9 Ağustos 2017 Çarşamba

Bir Kadının Nihayeti

Gözlerini kapattı ve yaşların akmasını bekledi kadın. Akmadılar. Acı acı gülümsedi bunun üzerine. Gözyaşları bile utanıyordu onun acısından.
Hep böyle mi oluyordu acaba? Sonu gelmez bir kısır döngü müydü bu? Mutsuz oluyor, kendisini mutlu eden biriyle tanışıyor, sonra tekrar mutsuz oluyordu.
Kaderin acımasız bir oyunuydu bu. Sürekli karşısına onu çok iyi anladığını düşündüren birini çıkarıyordu. Sonra, dünyada acıdan başka hislerin de olabileceğini anlar anlamaz, o kişiyi elinden çekip alıyor ve onu tekrar acılara gömüyordu. Ya kader eşek şakaları yapmayı seven yaramaz bir çocuktu, ya da içinde haylaz bir çocuk barındıran insanlar acımasızca oyun oynuyordu.

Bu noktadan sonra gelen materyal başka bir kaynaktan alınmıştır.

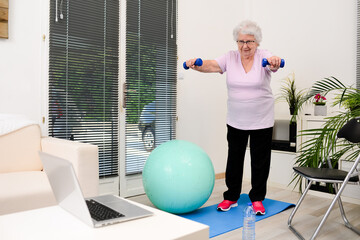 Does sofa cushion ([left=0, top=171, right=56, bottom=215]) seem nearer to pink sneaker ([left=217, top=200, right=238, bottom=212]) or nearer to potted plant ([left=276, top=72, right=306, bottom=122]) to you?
pink sneaker ([left=217, top=200, right=238, bottom=212])

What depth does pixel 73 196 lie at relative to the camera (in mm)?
1223

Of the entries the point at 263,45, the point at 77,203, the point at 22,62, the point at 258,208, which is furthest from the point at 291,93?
the point at 77,203

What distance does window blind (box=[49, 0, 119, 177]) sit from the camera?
9.78 ft

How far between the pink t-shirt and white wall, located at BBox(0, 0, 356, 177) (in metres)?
1.08

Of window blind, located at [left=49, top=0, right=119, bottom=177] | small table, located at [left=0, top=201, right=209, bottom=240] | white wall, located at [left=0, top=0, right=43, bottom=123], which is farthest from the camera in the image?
window blind, located at [left=49, top=0, right=119, bottom=177]

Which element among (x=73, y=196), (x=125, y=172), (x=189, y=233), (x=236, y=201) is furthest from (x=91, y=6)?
(x=189, y=233)

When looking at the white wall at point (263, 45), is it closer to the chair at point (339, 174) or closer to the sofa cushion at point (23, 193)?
the chair at point (339, 174)

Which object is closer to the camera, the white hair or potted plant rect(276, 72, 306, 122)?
the white hair

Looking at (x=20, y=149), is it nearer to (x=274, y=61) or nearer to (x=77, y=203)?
(x=77, y=203)

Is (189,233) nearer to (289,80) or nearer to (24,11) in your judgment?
(24,11)

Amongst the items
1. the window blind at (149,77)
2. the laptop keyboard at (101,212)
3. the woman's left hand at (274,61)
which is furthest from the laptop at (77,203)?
the window blind at (149,77)

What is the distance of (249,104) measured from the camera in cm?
282

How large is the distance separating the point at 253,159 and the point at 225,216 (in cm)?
53

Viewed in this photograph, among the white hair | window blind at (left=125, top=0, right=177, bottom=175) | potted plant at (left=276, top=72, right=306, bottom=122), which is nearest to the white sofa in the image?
window blind at (left=125, top=0, right=177, bottom=175) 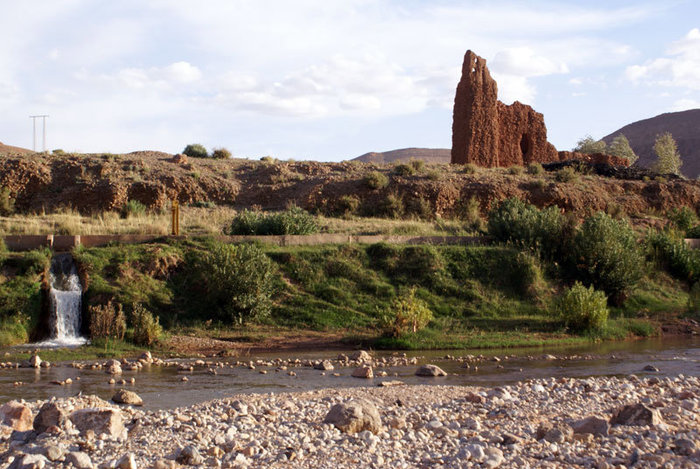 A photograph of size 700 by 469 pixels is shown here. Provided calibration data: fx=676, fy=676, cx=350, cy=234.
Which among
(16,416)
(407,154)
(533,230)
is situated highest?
(407,154)

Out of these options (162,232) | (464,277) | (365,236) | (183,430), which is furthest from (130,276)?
(183,430)

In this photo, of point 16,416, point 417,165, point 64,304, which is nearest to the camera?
point 16,416

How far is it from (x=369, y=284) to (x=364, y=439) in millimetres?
14914

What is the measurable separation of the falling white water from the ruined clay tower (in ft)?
103

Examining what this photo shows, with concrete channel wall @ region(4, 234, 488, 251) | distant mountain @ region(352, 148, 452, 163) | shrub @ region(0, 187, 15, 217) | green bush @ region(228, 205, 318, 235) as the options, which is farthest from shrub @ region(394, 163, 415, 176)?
distant mountain @ region(352, 148, 452, 163)

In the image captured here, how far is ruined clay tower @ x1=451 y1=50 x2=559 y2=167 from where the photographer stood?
46344mm

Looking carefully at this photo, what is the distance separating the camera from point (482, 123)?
47.3 m

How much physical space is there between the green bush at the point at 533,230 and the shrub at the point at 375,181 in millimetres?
11495

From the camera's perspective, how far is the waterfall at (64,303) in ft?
61.2

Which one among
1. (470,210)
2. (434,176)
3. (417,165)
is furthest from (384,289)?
(417,165)

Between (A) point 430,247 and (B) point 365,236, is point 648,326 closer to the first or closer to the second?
(A) point 430,247

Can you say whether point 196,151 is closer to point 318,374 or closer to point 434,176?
point 434,176

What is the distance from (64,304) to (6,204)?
17806 mm

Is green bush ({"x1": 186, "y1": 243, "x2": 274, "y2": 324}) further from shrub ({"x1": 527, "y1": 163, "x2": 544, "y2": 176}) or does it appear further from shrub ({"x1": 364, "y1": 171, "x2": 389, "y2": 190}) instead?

Tutunabileceği bir şey aradı. Hayatında mevcudiyetini sürdüren bir tutam sevgi, umut, huzur ya da güven… Karanlıklara gömülmemesi için onu ellerinden tutup çekecek herhangi bir şey. Bulamadı. Elleri bomboştu, O’nunla dopdolu olan kalbinin aksine.
Ömür boyunca yoğun bir şekilde çalışarak bir vücudu ayakta tutan kalp, nasıl oluyor da tek bir insan yüzünden paramparça olabiliyordu? Bu acıyı hiçbir şekilde kaldıramıyordu.
Gülümsedi kadın. Tekrar ve tekrar gülümsedi. Bazen acının, ağlamaktan çok gülümsemekle ifade edileceğini öğrenmişti. Gülümsemelerinin çokluğu, iç dünyasında kopan fırtınaların büyüklüğünü haber veriyordu.
Gülümsedi ve önündeki kağıda, tüm hayatını mahveden o basit satıra tekrar baktı.
” Nişanlınız, bugün sabah saatlerinde hayatını kaybetti. ”
Bir insan bu acıyı nasıl kaldırabilirdi? Sanki acısı binlerce kırık cam parçası olmuştu ve haykıramadığı kelimelerle birlikte kalbine batıyordu.
Ne kadar saçma bir durumdaydı. Dilinde edemediği vedalar, gözüne akmayan yaşlar, elinde keskin bir bıçak vardı ve kalbi hep, hep O’nun adını haykırıyordu.
Bıçağın parlak yüzeyindeki yansımasıyla göz göze geldi ve ürktü kendisinden. Gözlerindeki delice bir bakışla her şeyi yapabilecek bir kadın duruyordu karşısında.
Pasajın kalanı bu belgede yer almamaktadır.